It's not as if The Darkness 2 is without its charm. The brilliant Darkling companion makes a welcome return, adorned in his union flag miniskirt, gleefully pissing on the recently disassembled ensemble from the outset, and turning the air gremlin-fart green at any given moment. He's responsible for some of the Darkness II's throwaway sense of humour too. Finding him humming Great Britain's unofficial back-up anthem 'Rule Britannia' to himself, is particularly amusing. Hearing ladies of negotiable affection muttering “Hotdog down a hallway? What does that even mean?” while visiting a dank brothel, go over well too. The score is another strong point, orchestral and dramatic backing peaks appropriately, even if sometimes it is noticeably repetitive. During the hospital scenes, tentative piano complements a warm, pulmonary baseline. Weaponry clicks and clacks with authentic cartoon realism, and at its best, The Darkness II has moments of climactic, post-Gotham fusion.

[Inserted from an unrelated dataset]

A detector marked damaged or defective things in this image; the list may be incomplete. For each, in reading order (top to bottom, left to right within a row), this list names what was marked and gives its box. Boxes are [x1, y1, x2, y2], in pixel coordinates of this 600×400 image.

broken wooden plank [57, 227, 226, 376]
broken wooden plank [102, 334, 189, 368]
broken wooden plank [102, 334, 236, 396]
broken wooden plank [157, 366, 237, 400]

Digital Extremes shouldn't feel too bad about their attempts to keep things interesting, they have made a good fist of blurring the line between fantasy and reality, as Jackie awakes repeatedly in the bright-white halls of what appears to be a mental institution, at points throughout, only to find himself back in an unwelcoming back alley within minutes. As the story concludes however, the density of any of the occurring distractions proves to be wafer-thin and unimportant. Jackie's longing to be reunited with his departed soul mate Jenny should strike a chord, as fond memories of their time together are brought to the fore, but these moments rely too heavily on the poignant romance of the first game. If you sat through much of To Kill A Mockingbird, or watched the emphatic nature of Jenny's end while playing through The Darkness, the sense of what could have been in The Darkness II will be palpable. If not, there is nothing to engage you emotionally with any of the frequent faux-dream sequences, lamenting her passing. The bigger picture suffers in the same way, when finally confronted by the limping man, he is inexplicably familiar with your entire life story, and in spite of the logical reasons he has for wanting your attention, the venom of his anti-Jackie rhetoric misses a step, somehow.

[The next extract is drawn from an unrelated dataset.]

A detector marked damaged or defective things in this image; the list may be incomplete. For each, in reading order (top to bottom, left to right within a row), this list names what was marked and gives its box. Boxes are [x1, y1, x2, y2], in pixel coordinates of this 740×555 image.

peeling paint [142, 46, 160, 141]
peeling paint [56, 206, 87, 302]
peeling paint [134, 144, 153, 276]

The Darkness II is a product of good will but very little invention, imitation rather than iteration seems to be the stock-in-trade. The winding snake-arm set pieces of the first instalment have been replaced with some first-person darkling plays. Much like the main partition, these prove to be something of a one trick pony, experienced in full within minutes of their birth. The moody subway interactions with NPCs, while relevant first time around, take place in Jackie's luxurious mansion this time out, but really could have been omitted entirely. The result is damaged pacing and reduced suspense. The Darkness II even features an attempt at replicating the shock factor of part one, with one particular moment coming close. Like much of its subject matter, this turns out to be little more than a faint echo of what came before.

In truth, The Darkness II isn't challenging as much as it is chastening, brainless AI and flawed boss-fights, confused terrain and chaotic scrambling for ammo leave limited chances to play out a battle using observation, timing or method. Either that, or they turn out to be a game of, who can shoot who the most, fastest. While when the quad-wield sensibilities fall into place, the feeling of complete combat exists, often this will descend into wild slashing and indiscriminate object hurling.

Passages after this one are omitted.